THE PROPOSAL FOR NEW STATES

  1. “The Ogoja state proposed to us would include former Ogoja province, whose population of slightly more than One million include more than 700,000 Ibos…the main intention would be separation from the central body of Ibo population, but in which they will still be linked together with as a minority with their Ibo neighbours in Abakaliki and Afikpo…A majority of evidence we heard from Ogoja was direct that they preferred the present situation to any association with Calabar and that they were at least as much afraid of domination by Efiks and Ibibios as by Ibos.”
  2. “The (Calabar, Ogoja and Rivers or COR) state proposed would consist of Calabar, Rivers and Ogoja provinces excluding the two Ibo Divisions of Abakaliki and Afikpo. The population of this area is 2,649,000 and the following would be the five largest tribes:

Ibibio 717,000
Annang 435,000
Ibo 428,000
Ijaw 251,000
Ogoni 156,000

As already explained, the small but important Efik tribe of 71,000…The (COR) area is far from homogenous , and many of the other tribes expressed at least as much fear of the Efiks and Ibibios as of the Ibo. It would leave the Ibos of the Ibo Plateau surrounded by a state whose reason for existence was hostility to themselves: the Ibos are an expanding people…”

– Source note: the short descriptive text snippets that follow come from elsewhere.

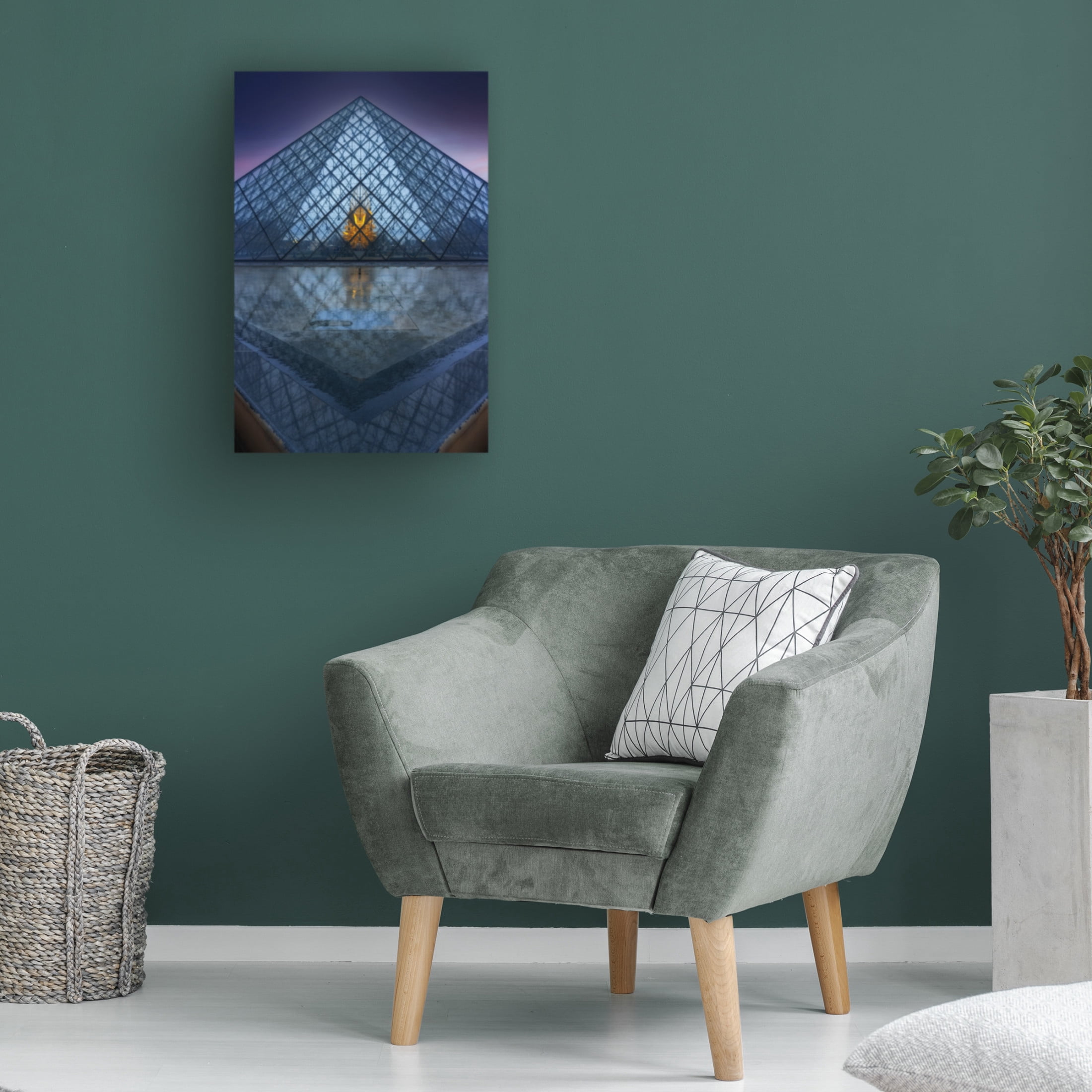 Canvas Wall Art - Jorge Lopez Noval 'The Piramid' Wall Art for Living Room, Bedroom, or Office Décor by Trademark Fine Art - 30 x 47 Inches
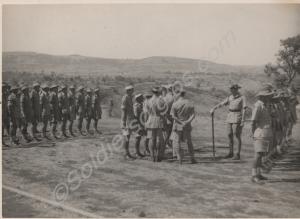 Lord Louis Mountbatten inspecting 10th Battalion,
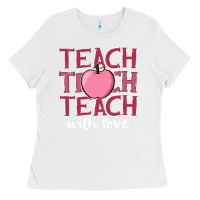 White teach with love Ladies Tee - JahusDesignShop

  1. “The area claimed for Rivers state consists of the whole of the Rivers province, that is: The Division of Brass, Degema, Ogoni, Port Harcourt and Ahoada, together with the Western Ijaw Division from the western region, and two small sections in the Eastern Region from outside the Rivers Province, Opodo and Andoni being one, Ndoki the other.”

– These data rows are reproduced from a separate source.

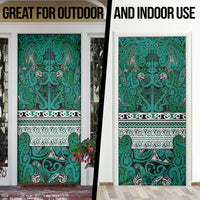 Aotearoa Iwi Ngai Tahu Door Cover Maori Wharenui House Tribal Pattern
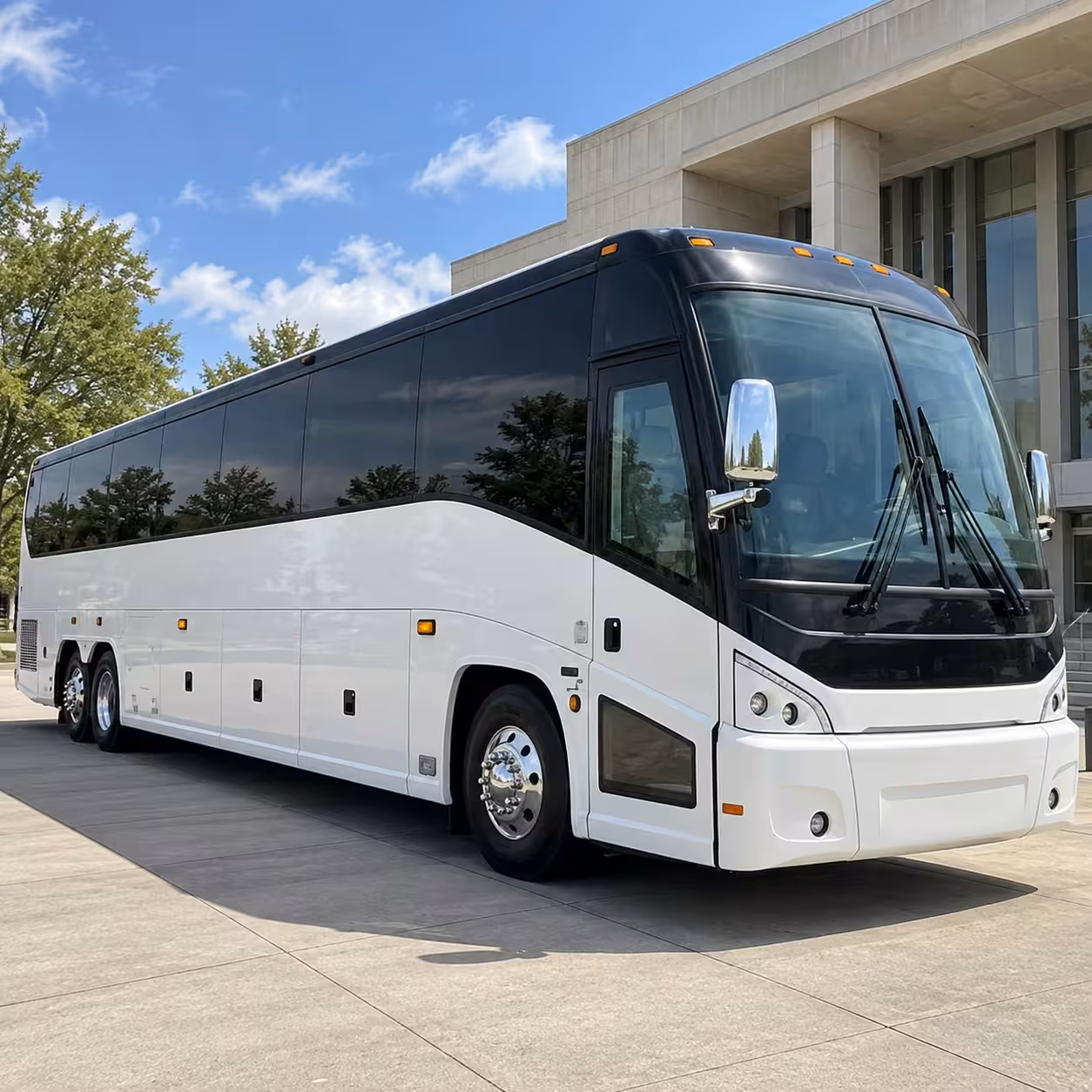 shuttle buses for arcadia wedding guests staying at nearby hotels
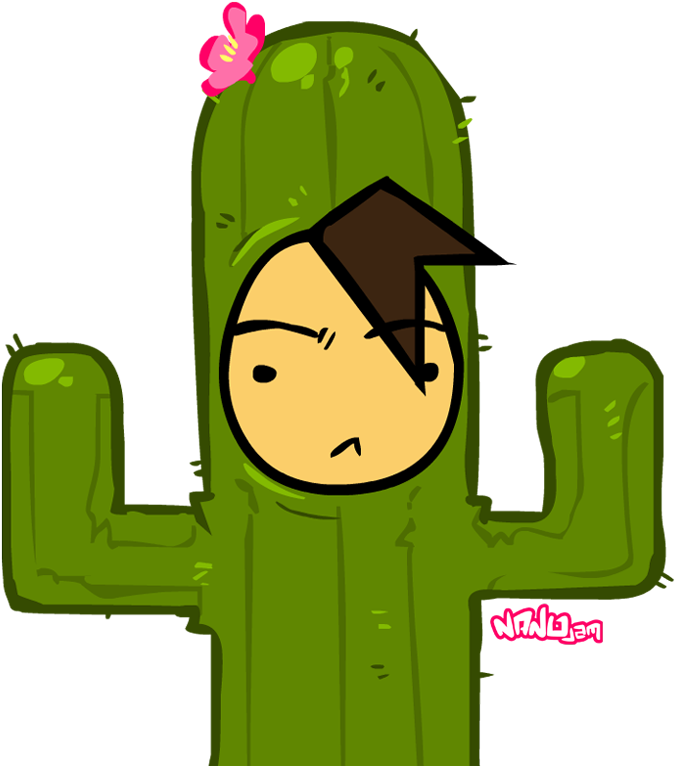 Cactus - Animated Cactus (700x778), Png Download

  2. “Port Harcourt is an Ibo town and it is growing rapidly and the indigenous branch of the Ibos who are original inhabitants are already out-numbered by Ibos from the hinterland.”

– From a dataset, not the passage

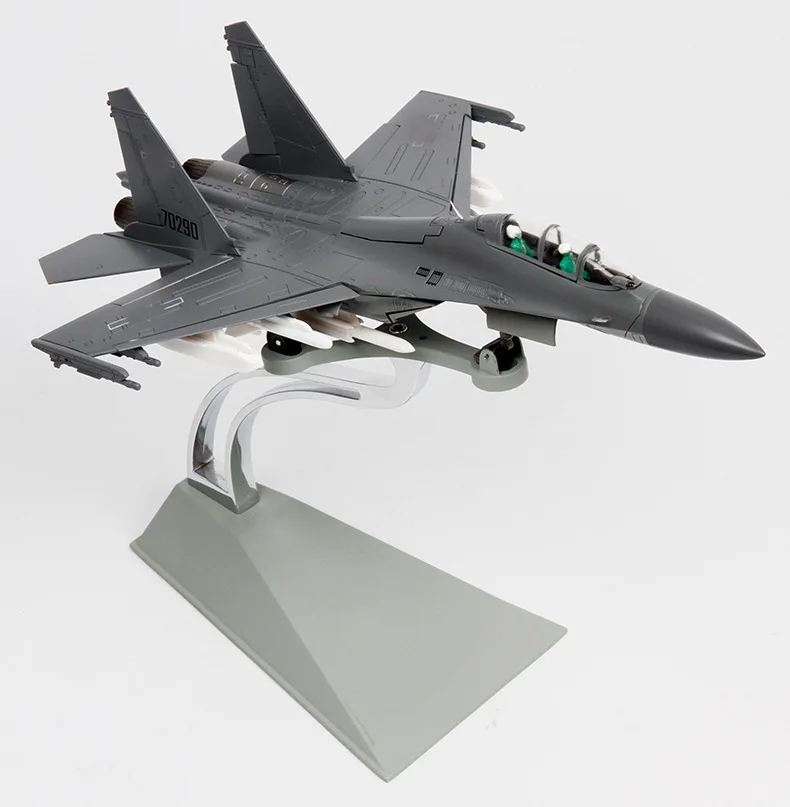 1:72 Scale J-16 Fighter Jet Aircraft Models Metal Diecast Airplane Simulation Military Aviation Collectible With Landing Gear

  3. “The people of Ahoada, a Division of which a pan runs down to meet Port Harcourt, appear at one time to have favoured the idea of a Rivers state, but have changed their views and before us expressed themselves as strongly against it. Comparatively few of them live in the low-lying swampy country of the coastal strip and they have voted for the NCNC consistently, they said themselves that a main factor in their change of front had been the inclusion if the Western Ijaws in the proposed state. So long, they said, as the Rivers state was to consist of the River Province only, the Ibos would have been the most numerous tribe within it: but the inclusion of the Western Ijaw Division put them at a numerical disadvantage beside the Ijaws and they therefore preferred to stay out. Whether or not this was a line of reasoning that really had a wide appeal, the fact remain that before us they were opposed to the idea of the state. This is not surprising because their problems are different from those of the ijaws.”
  4. “To include within a River state Ahoada and Port Harcourt, would, we believe, create a problem as acute as that with which we were asked to deal at present and and would be sharply resented by the Ibos of the central plateau.”